Tiga indikator kelayakan usaha tani

  1. Laba bersih = (produksi × harga jual) - total biaya produksi.
  2. BEP harga = total biaya ÷ total produksi. Ini harga jual minimal per kg agar Anda tidak merugi. Bila harga pasar di bawah angka ini, usaha tani merugi berapa pun banyak hasil panennya.
  3. R/C ratio = penerimaan ÷ biaya. Nilai di atas 1 berarti untung. Di bawah 1,3 umumnya dianggap belum sepadan dengan risiko gagal panen.

Susut pascapanen sering diabaikan

Antara panen dan penjualan selalu ada kehilangan: buah rusak, sortiran yang tidak masuk grade, penyusutan bobot karena kadar air turun, dan kerusakan saat pengangkutan. Untuk sayuran dan buah, susut 10-15% adalah hal biasa. Menghitung pendapatan dari bobot panen kotor akan membuat proyeksi Anda terlalu optimistis.

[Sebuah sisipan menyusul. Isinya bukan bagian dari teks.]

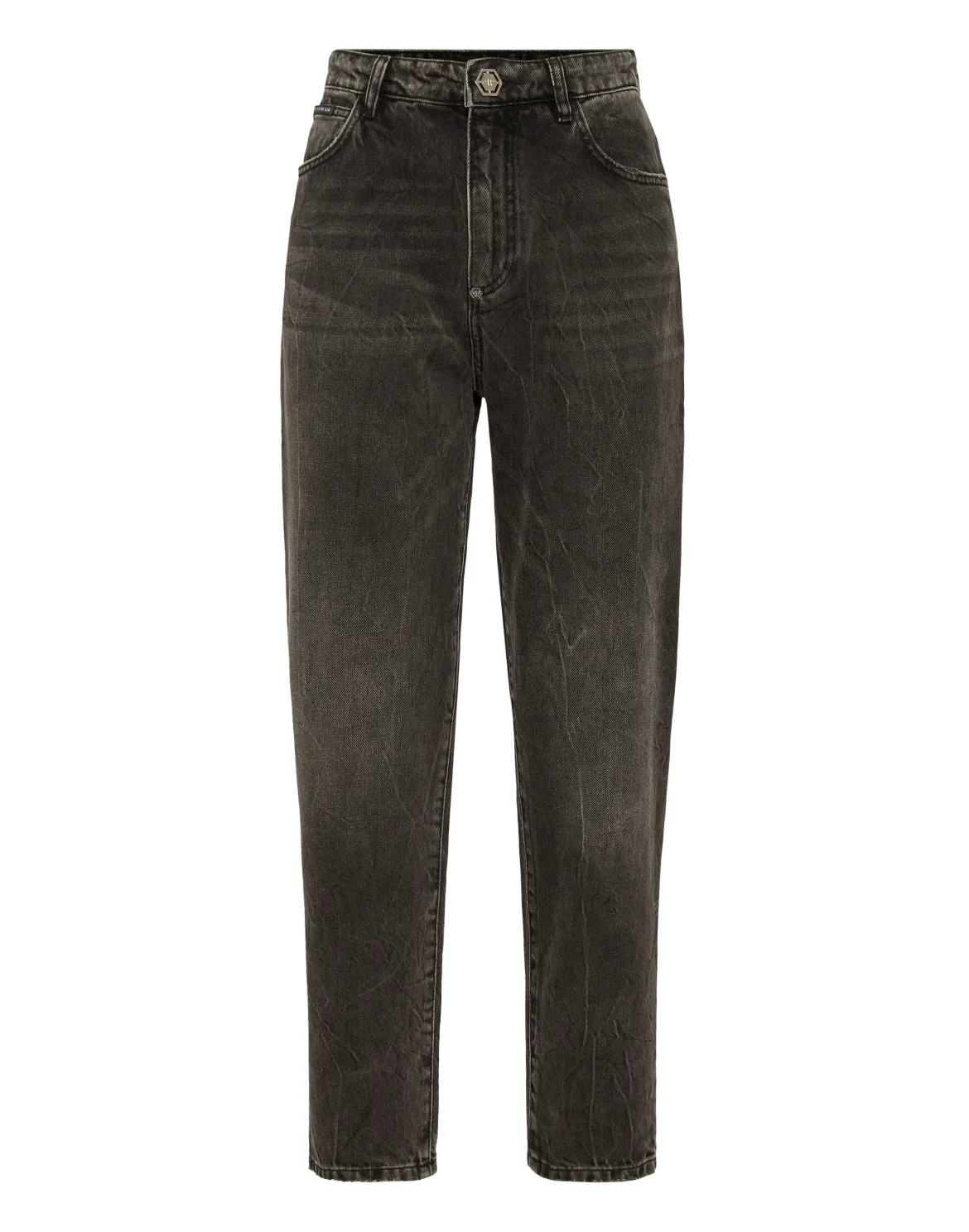 Denim Trousers Mom Fit Logo, цвет: Серый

Risiko harga adalah risiko terbesar

Pada komoditas seperti cabai, tomat, dan bawang, harga bisa berubah lima kali lipat dalam satu musim. Karena itu jalankan kalkulator ini tiga kali: dengan harga pesimistis, harga wajar, dan harga optimistis. Bila pada skenario harga pesimistis usaha Anda masih bisa menutup biaya tunai, risiko masih terkendali.